W ith the Balfour Declaration and the UN resolution for a Jewish state we’ve witnessed the world’s recognition of the Jewish People’s right to Eretz Yisrael which is intrinsic to the process of geulah. So why is there such a fuss now?

In our historical timeline we’ve just marked the 100th anniversary of the Balfour Declaration and the 70th anniversary of the dramatic resolution by the General Assembly of the United Nations in favor of establishing a Jewish state in Eretz Yisrael. Those decisions were given an unprecedented stamp of approval by the international community and if we look at the matter outside of the political box perhaps we can find the spiritual meaning underlying these events and trace their causes to something beyond the caprice of political trends.

The Balfour Declaration of November 1917 was really just a general statement recognizing in principle the right of the Jewish People to return to their ancestral land and build a national home there. When the declaration came up for ratification by the Supreme Council of the Allied Nations at the San Remo Conference in 1920 it was the first time in history that the nations of the world stood up for the Jewish Nation as a united front. And a large portion of gedolei Yisrael saw that event as a flash of Hashgachah lighting up the darkness for a brief moment.
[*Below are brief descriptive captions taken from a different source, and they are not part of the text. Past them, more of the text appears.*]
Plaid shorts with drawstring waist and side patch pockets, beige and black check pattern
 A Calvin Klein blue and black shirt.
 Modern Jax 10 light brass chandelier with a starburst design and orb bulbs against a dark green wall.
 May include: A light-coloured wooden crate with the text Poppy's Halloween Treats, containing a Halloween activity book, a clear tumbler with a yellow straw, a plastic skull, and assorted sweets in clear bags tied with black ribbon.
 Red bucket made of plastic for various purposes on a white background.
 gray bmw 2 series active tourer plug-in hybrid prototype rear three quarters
Thirty years later the UN General Assembly voted by a wide majority to endorse the founding of a Jewish state in what was then known as Palestine. On that night of November 29 1947 I was a young boy living in Bnei Brak and I remember my father a”h waking me up excitedly not wanting me to miss that historic moment. “Get up!” he urged me. “The world has decided to give us a state of our own in Eretz Yisrael!”